These increases are primarily due to Wuxi ZQ’s high selling and administration
expenses (approximately $3.1 million) after the acquisition on May 4
2009. Wuxi ZQ’s administrative expenses included a bad debt allowance
of approximately $980,000. The Wuxi ZQ expenses also include
satisfaction of approximately $1,200,000 in debts that were incurred in prior
periods but were not previously recorded. Our operating expenses also
increased because our US office incurred higher administration expenses in the
three and nine months ended September 30, 2009, including salaries, legal fee
and marketing expense related to our financing and our annual meeting
activities.
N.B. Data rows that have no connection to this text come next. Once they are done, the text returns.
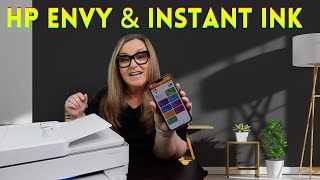 Instant Ink with the HP Evvy Printer review with save link [upl. by Nwahsyd991]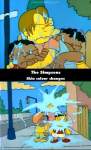 The Simpsons mistake picture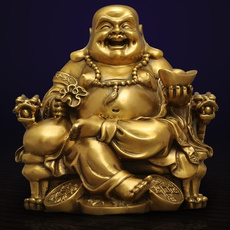 thesittingroom, Brass, Decor, figureofthebuddha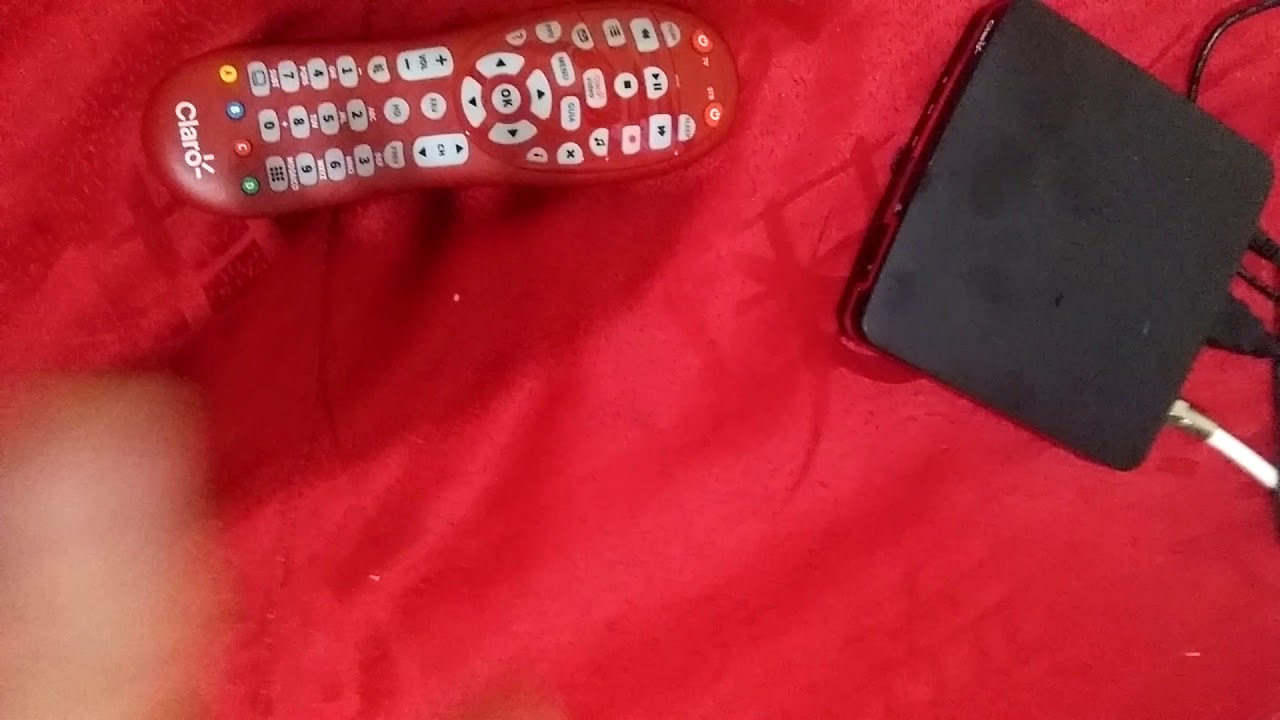 Como configurar un control de claro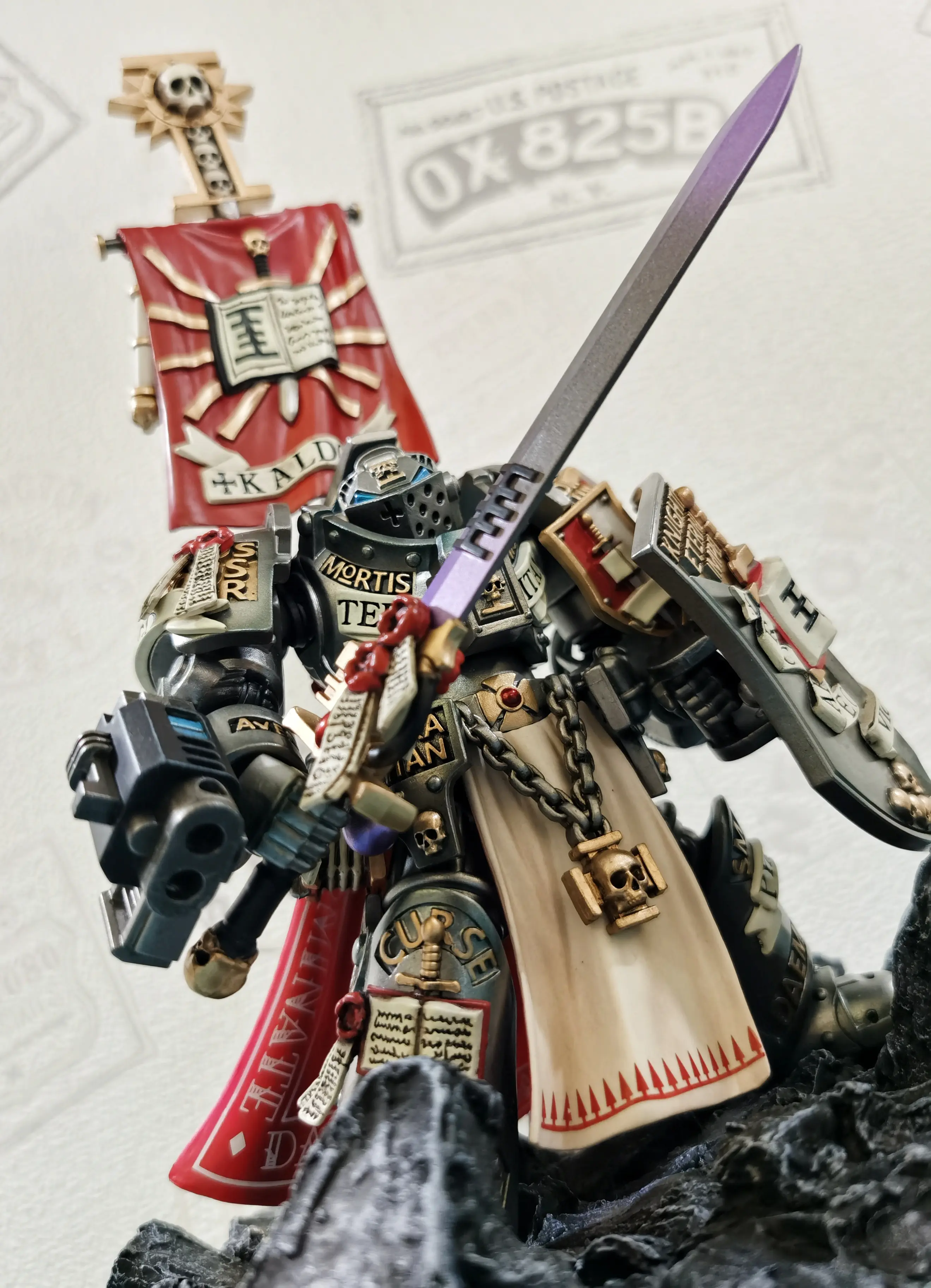 【战锤40k 暗源】帝国之拳原体 罗格-多恩&灰骑士至高大导师 迪亚哥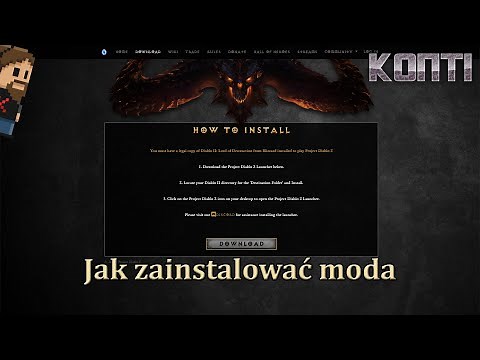 Project Diablo 2 - Co i skąd należy pobrać, by uruchomić moda, czyli poradnik instalacyjny PD2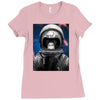 space momky Ladies Fitted T-Shirt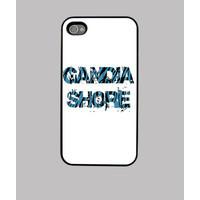 case iphone 4 gandia shore - blue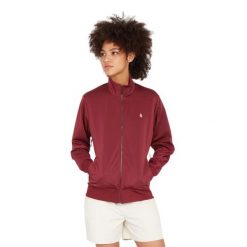 Bluza sportowa damska Volcom Dropped. Brązowe bluzy bez kaptura damskie Volcom, s, z poliesteru. Za 197.00 zł.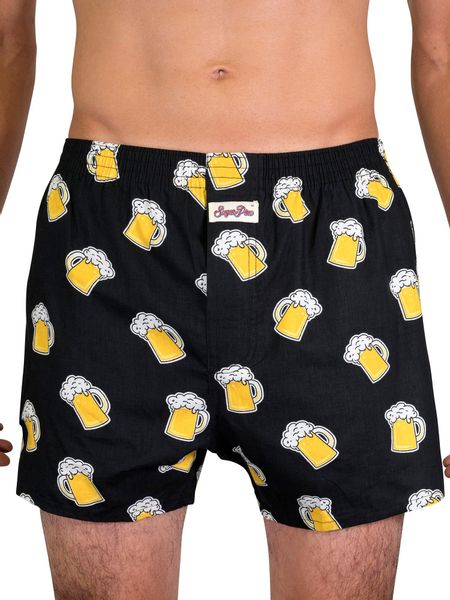 Sugar Pine Boxer Webboxershorts weit Motive günstig online kaufen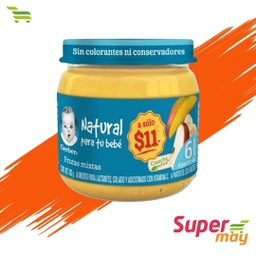 [601003] GERBER E2 F.MIXTAS PAPILLA 100 GR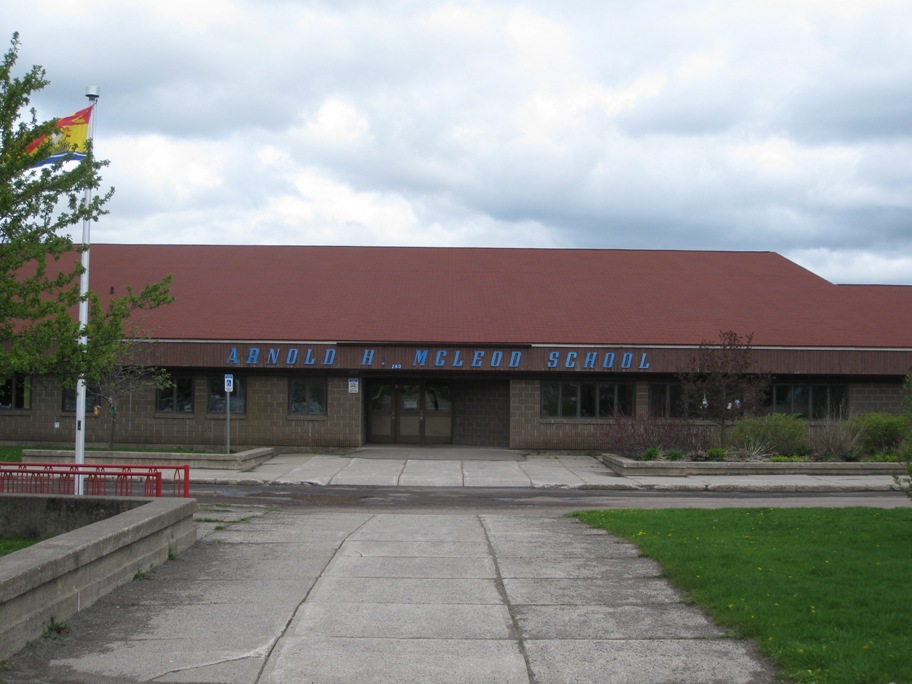 Arnold H. McLeod School building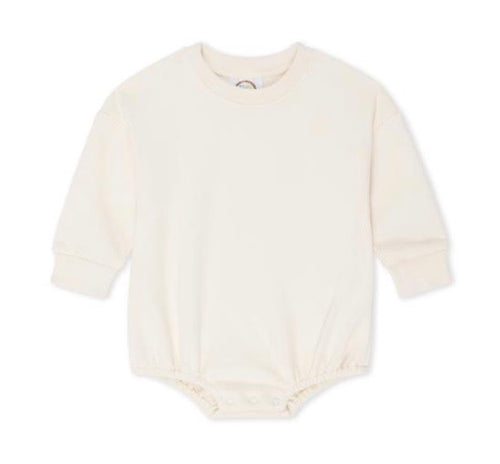 Blank Unisex Sweatshirt Bubble Romper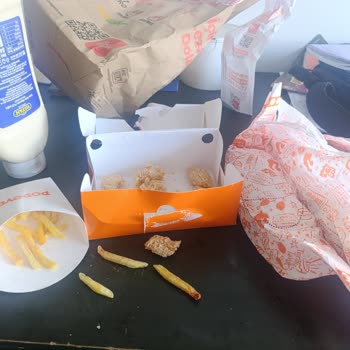 Migros Sanal Yemek Ve Popeyes Siparişimde Kalitesiz Ürün Ve Cevapsız İade Talebi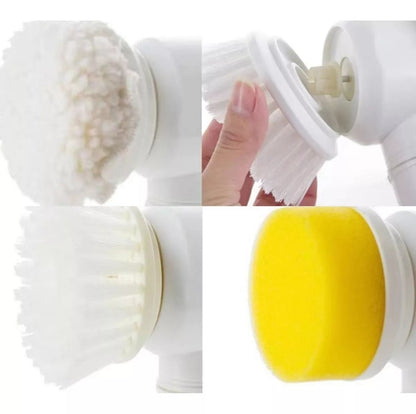 PowerBrush – Cepillo Eléctrico de Limpieza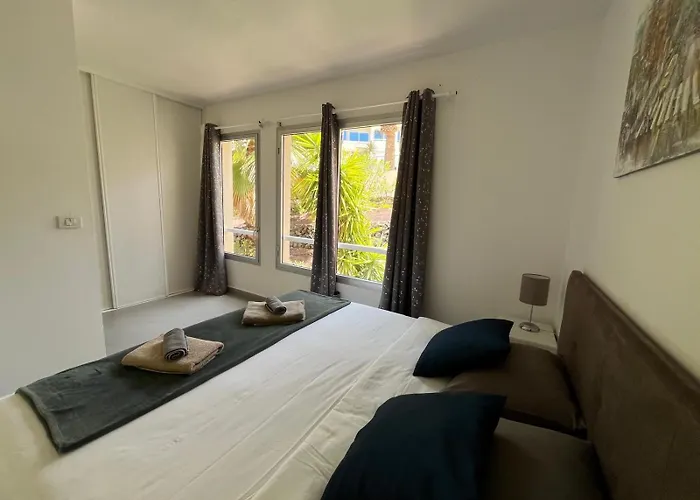 Elegante Con Vista Directa Al Mar Апартаменты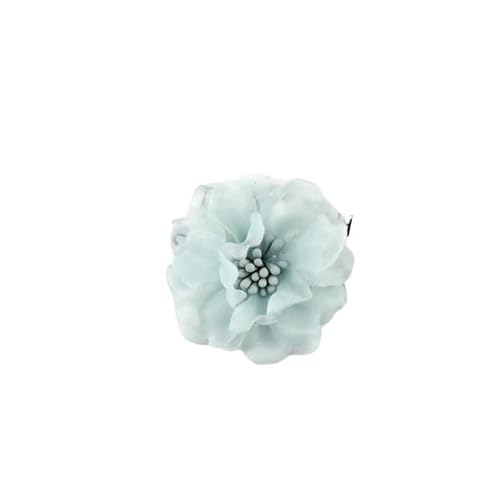 Chiffon Blumen 10PCS Chiffon Blumen Künstliche Haar Zubehör DIY Blume Headwear(5) von Ayztantine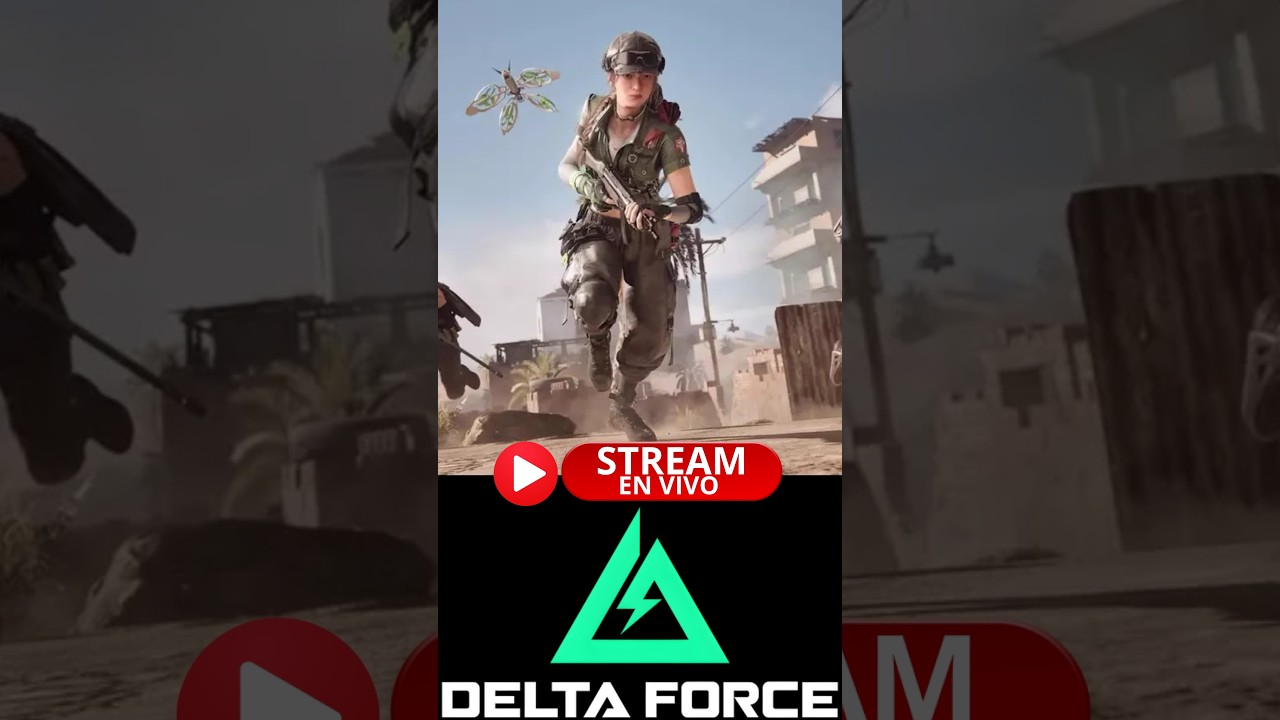 La combinación más fuerte de Delta Force 💥 Vlinder + MCX LT | EN VIVO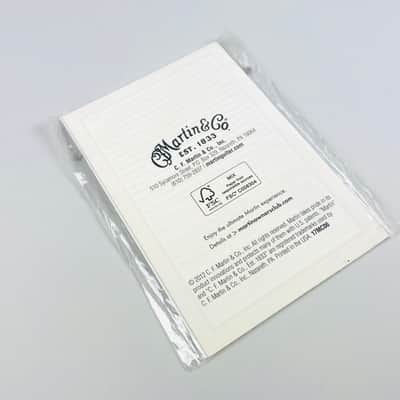 Martin Owners Manual and Warranty Card: She knows value? 2012 image 3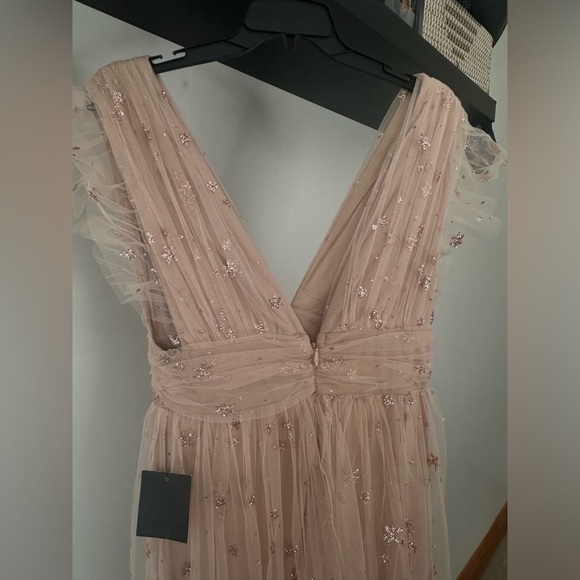 BALTIC BORN | Blush pink maxi dress with jewel detailing NWT - Picture 3 of 6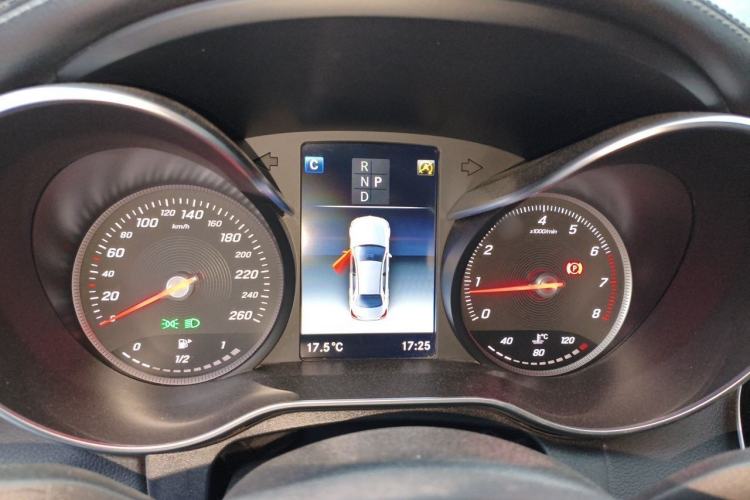 Used Mercedes-Benz C-Class 2018 C 200 L Sport Edition Instrument Cluster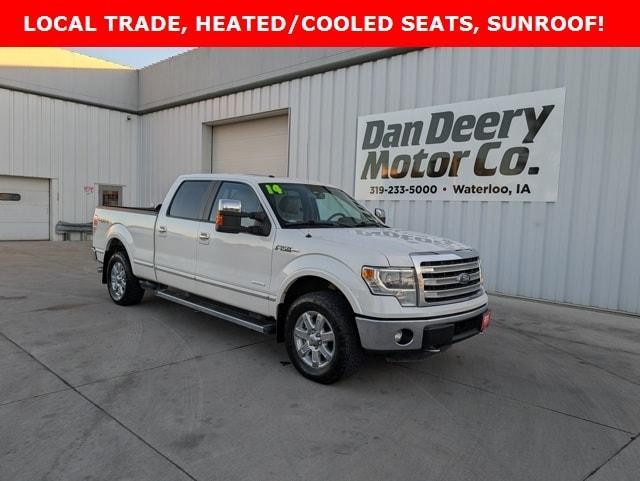 used 2014 Ford F-150 car, priced at $14,555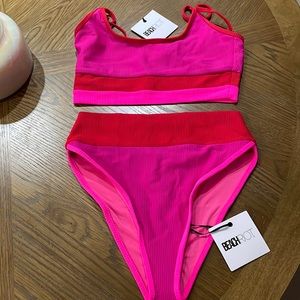 Beach Riot two piece swim suit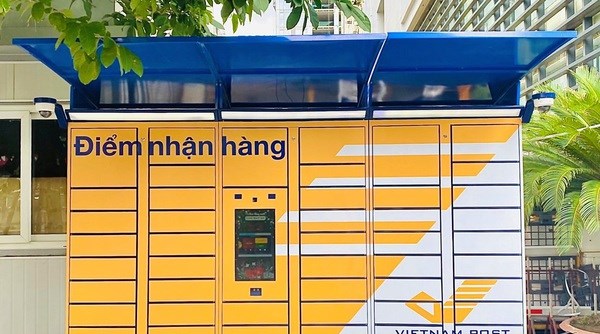 Vietnam Post pilots Post Smart automatic delivery cabinet model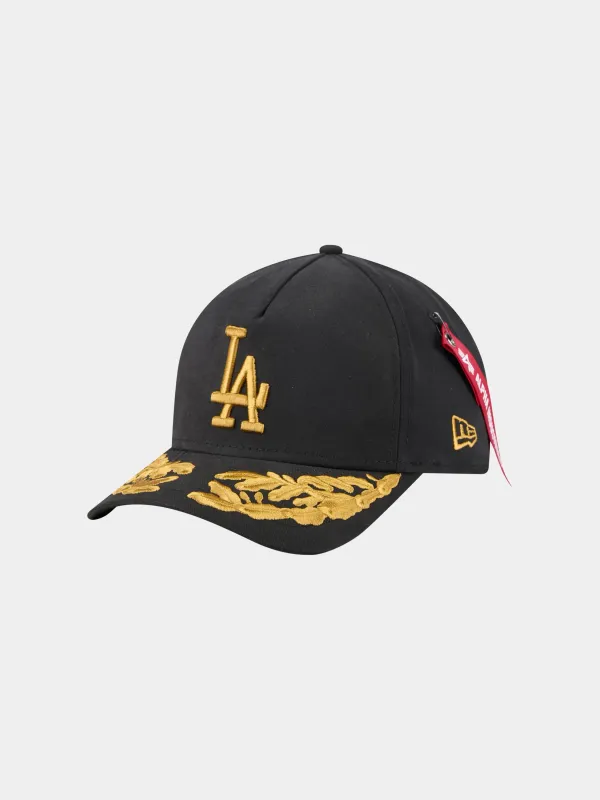 LOS ANGELES DODGERS X ALPHA X NEW ERA 940 MC CAP sold by Alpha Industries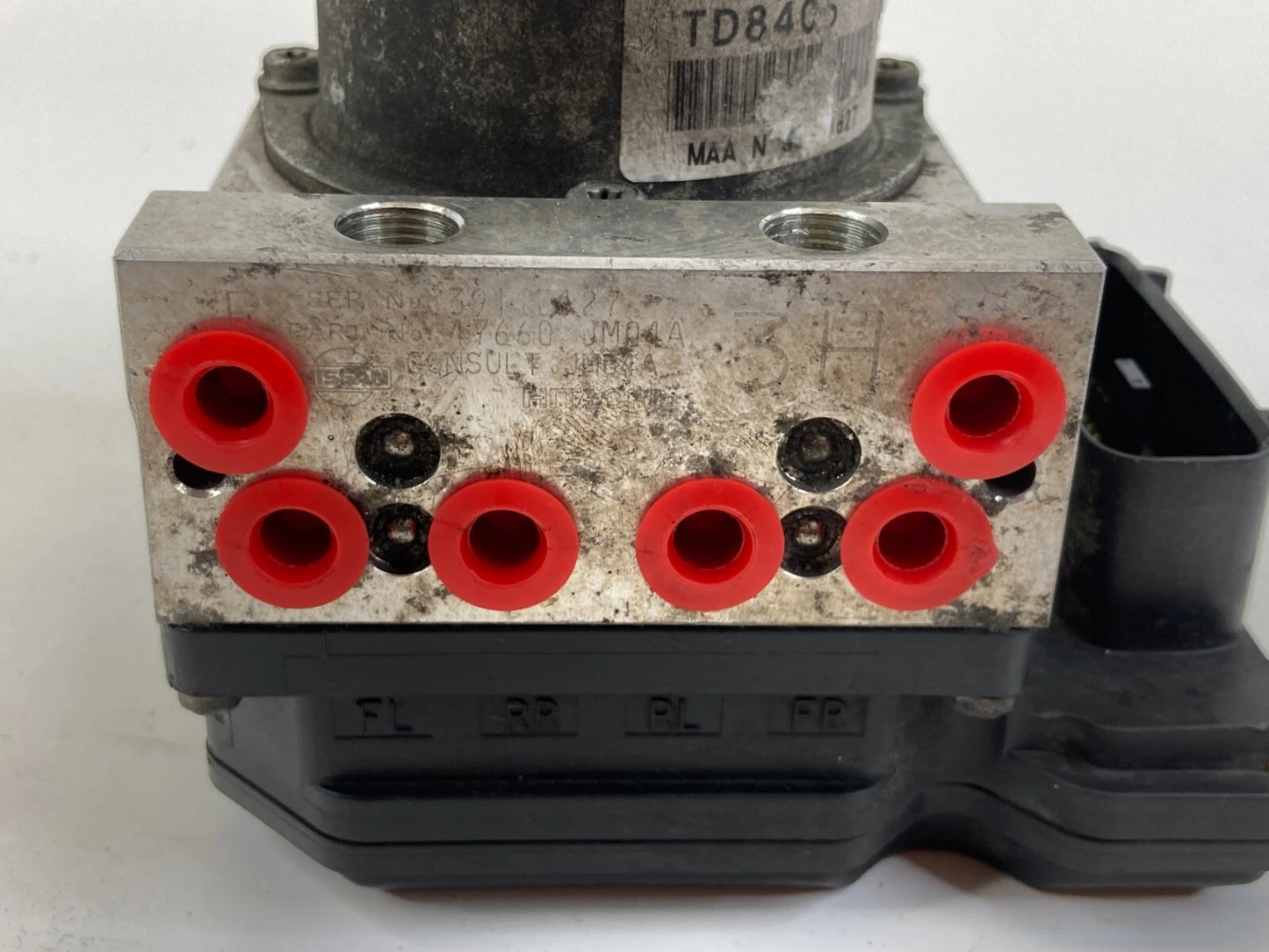 2012 2013 Nissan Rogue 2.5L 2WD AT ABS Anti Lock Brake Pump 47660-JM04A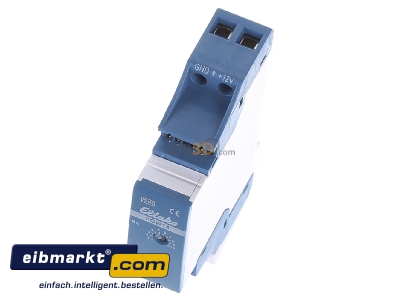 Ansicht oben vorne Eltako FGW14 Bus-Gateway RS485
The Company also recognized higher noncash stock and option
compensation amortization expense in the three and nine months ended September
30, 2009. However, considering only the operating expenses in Heilongjiang
ZQPT, our main battery production base in China, our operating expenses
increased by approximately $0.23 and $0.49 million during the three and nine
month periods ended September 30, 2009. Those increases were mainly
attributable to our expanded operation.
Included in our general and
administrative expense during the three and nine months ended September 30, 2009
were $540,344 and $1,455,238 attributable to amortization of the
market value of stock and options that we granted to employees or
consultants. This non-cash expense resulted from our use of stock
during our early years to incentivize key individuals. The market
value of the stock at the time it was issued is being amortized over the term of
the employee’s or consultant’s services, thus:
· |
In
the case of employees, the period of amortization is based on a vesting
schedule included in the employees’ contracts. The average
vesting period for the employees is 10.6 years. To date, only
one employee of the Company who received stock awards has terminated
employment; so the amortization has been proportional to that
schedule.
|
· |
In
the case of consultants, the period of amortization is based on the term
of the consulting contracts, although amortization will be accelerated if
the consulting relationship ceases. Again, to date, the
consultants who received stock have remained involved in the Company’s
affairs, so there has been no acceleration of
amortization.
|
At
September 30, 2009 there remained $6,688,540 in unamortized stock compensation
on the Company’s books. The amortization of this sum will contribute
to our operating expenses as described above.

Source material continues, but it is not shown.